Review: The Quiet Gentleman by Georgette Heyer

The Quiet Gentleman by Georgette Heyer
Paperback, 368 pages
Sourcebooks Casablanca Reissue May/June 2011, originally published 1951
ISBN: 9781402238833
Review copy provided by the publisher, thank you!
Burton Book Review Rating:Faboulous Heyer Fun!

Returning to his family seat from Waterloo, Gervase Frant, seventh Earl of St Erth, could have expected more enthusiasm for his homecoming. His quiet cousin, stepmother, and young half-brother seem openly disappointed that he survived the wars.
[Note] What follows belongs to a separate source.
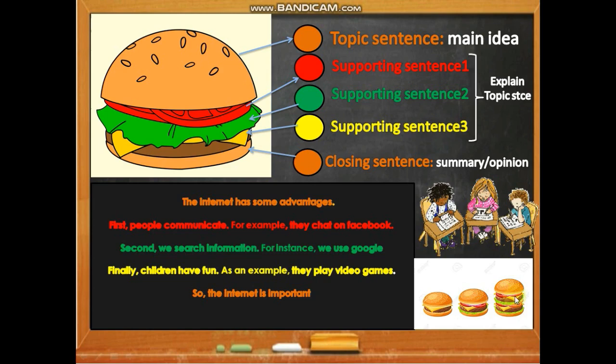So this is how to write a paragraph and to make a burger. That's it — thank you, hope you've learned something!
And when he begins to fall for his half-brother’s sweetheart, his chilly reception goes from unfriendly to positively murderous.
One of Heyer’s most suspenseful Regency romances, The Quiet Gentleman combines an ingenious mystery plot with her signature witty style and effervescently engaging characters.


Although most of Heyer’s romances seem to follow a formula of witty heroine vs the world who doesn’t realize the direct path to everlasting love, The Quiet Gentleman sets itself apart. Focusing on Gervase Frant, the Seventh Earl of St Erth, the novel strays from the female point of view and even adds a bit of gothic and mysterious tones. Our hero, Gervase, returns to his (estranged) deceased father’s estate after serving in the army to claim his inheritance, much to the dismay of his half-brother and stepmother who didn’t actually think he’d survive Waterloo. Gervase is of the character where he could shrug off their dislike of him, but things get dicey when strange happenings occur that put Gervase in harm’s way. Could his half-brother Martin really detest him so much as to wish that Gervase were dead? Is the step-mother the epitome of the evil witch? Or, is the house really haunted?
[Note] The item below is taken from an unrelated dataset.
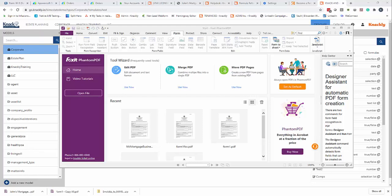When creating PDF documents, there are a couple of steps you need to go through before you get to automating it in Knackly. The first step is that you need to know if there are fields in the document.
The romance comes in when Gervase meets Martin’s love interest, Marianne, who is a beautiful and cheerful young lady with many admirers. Martin is quite protective of his invisible tie to her, and Gervase is a bit more dashing than Martin and an immediate rivalry occurs. Luckily, Gervase’s cousin Theo is on Gervase’s side and acts as a bit of a buffer between the brothers and is a trusted confidante of Gervase. And when Gervase’s friend Lord Ulverston comes to stay, Martin earns another foe. Thrown into the mix was Miss Drusilla Morville, neutral friend and loyal companion to all (who could always be counted on to do the Dowager’s tedious tasks).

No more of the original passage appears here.